The current study aimed to investigate the acute effects of MIM sessions, an MBI, on respiration rate, heart rate, and HRV. In agreement with the original hypothesis based on self-reported breath rates from previous MIM cohorts (Merrigan et al. 2023), respiration rates (measured through physiological signals) were reduced during the Practice and Post-MIM timepoints compared to Baseline-MIM. Several HRV metrics considered to be susceptible to fluctuations in respirations were also significantly improved during Practice and/or Post-MIM (SDNN, Low Frequency Power, L:H Power Ratio, Total Power). However, mean heart rate was elevated and High Frequency Absolute Power was decreased during Practice, while Total Power was increased during post-MIM and rMSSD was not significantly different at any timepoint. The gentle yogic movements that occurred during the Practice segment of MIM likely contributed to the increased mean heart rate and decreased High Frequency Absolute Power. These findings also indicate that the impact of mindfulness training on HRV may be dependent on the metric being analyzed. Regardless, the current findings bare ecological validity considering the generally positive influence of the MIM sessions on respiration rates and HRV (showing a more relaxed mind-body system at the end of MIM) within real world health care environments.

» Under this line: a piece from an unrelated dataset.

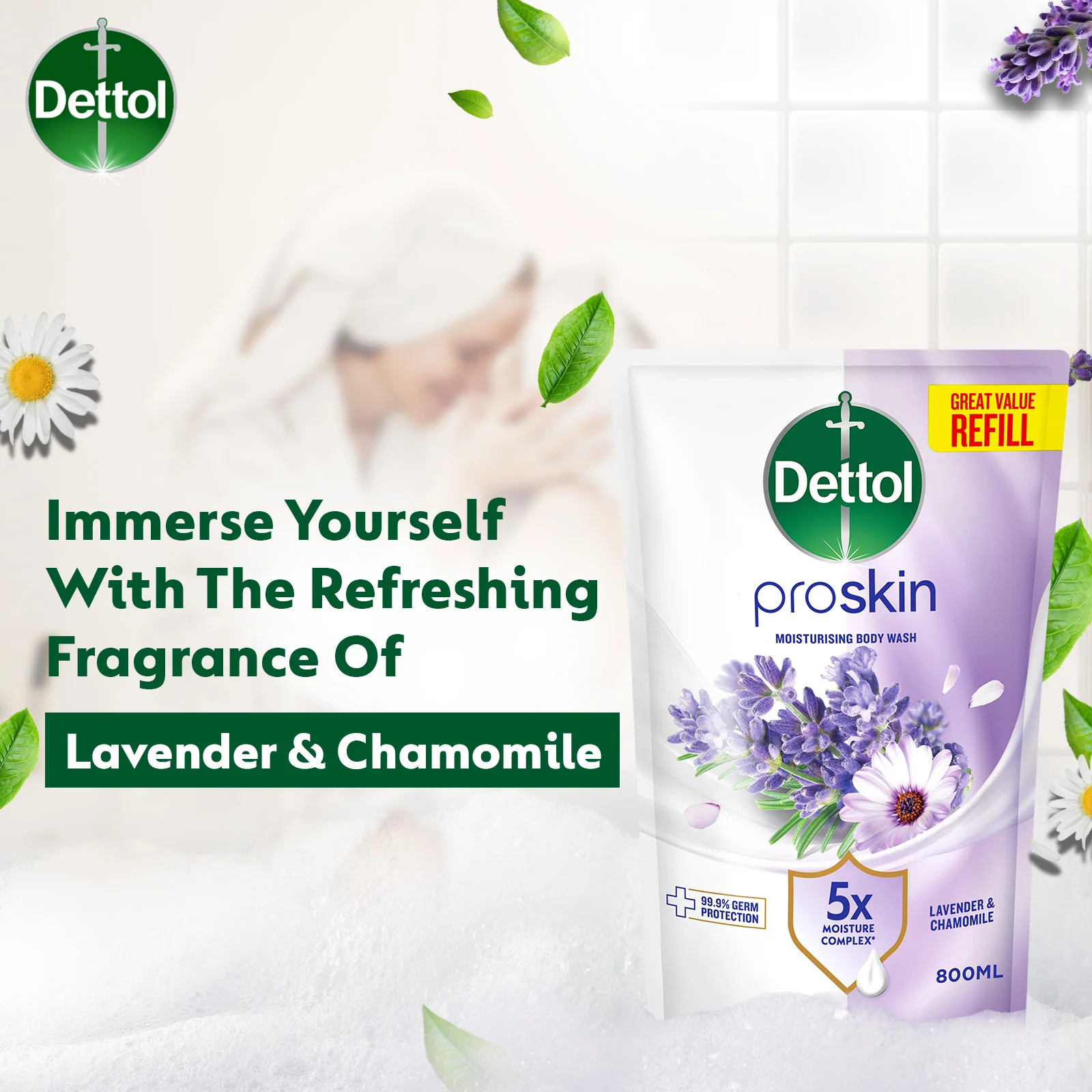 DETTOL SHOWER GEL LAVENDER & CHAMOMILE (VALUE REFILL) 720G - Image 6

In general, variations of MBIs are aimed to provoke improvements in habitual reactions to stressors including combating unnecessary sympathetic nervous system responses with parasympathetic nervous system modulation (e.g., lowering blood pressure, heart rate, and respiration rate). By bringing more awareness to the breath during mindfulness practices (Kabat-Zinn 2003a), respiration rates expectedly decrease (Ahani et al. 2014; Kodituwakku et al. 2012; Wahbeh et al. 2016; Wielgosz et al. 2016) and often do so in similar magnitudes to the level of intent of the controlled slow breathing practices (Kirk and Axelsen 2020). In the current study, participants learned about the potential impact of breathing exercises, followed examples during the mindfulness practices, and drew their attention to counting their own breath at the start and end of each session to evoke further awareness to their breath. Previous research on the efficacy of MIM has found slowed respiration rates, measured via self-counted exhalations, immediately after completing the MIM intervention as well as during weeks 3–8 compared to week 1 (Klatt et al. 2015; Merrigan et al. 2023). The aforementioned findings are further validated with current results showing slowed respiration rates, according to ECG analysis using a validated algorithm,(Lipponen and Tarvainen 2021; Rogers et al. 2022), from Baseline-MIM to the Practice and Post-MIM measures. Still, these results alone may not be indicative of attaining more parasympathetic modulation without also considering the effects of MIM on additional parameters and timepoints.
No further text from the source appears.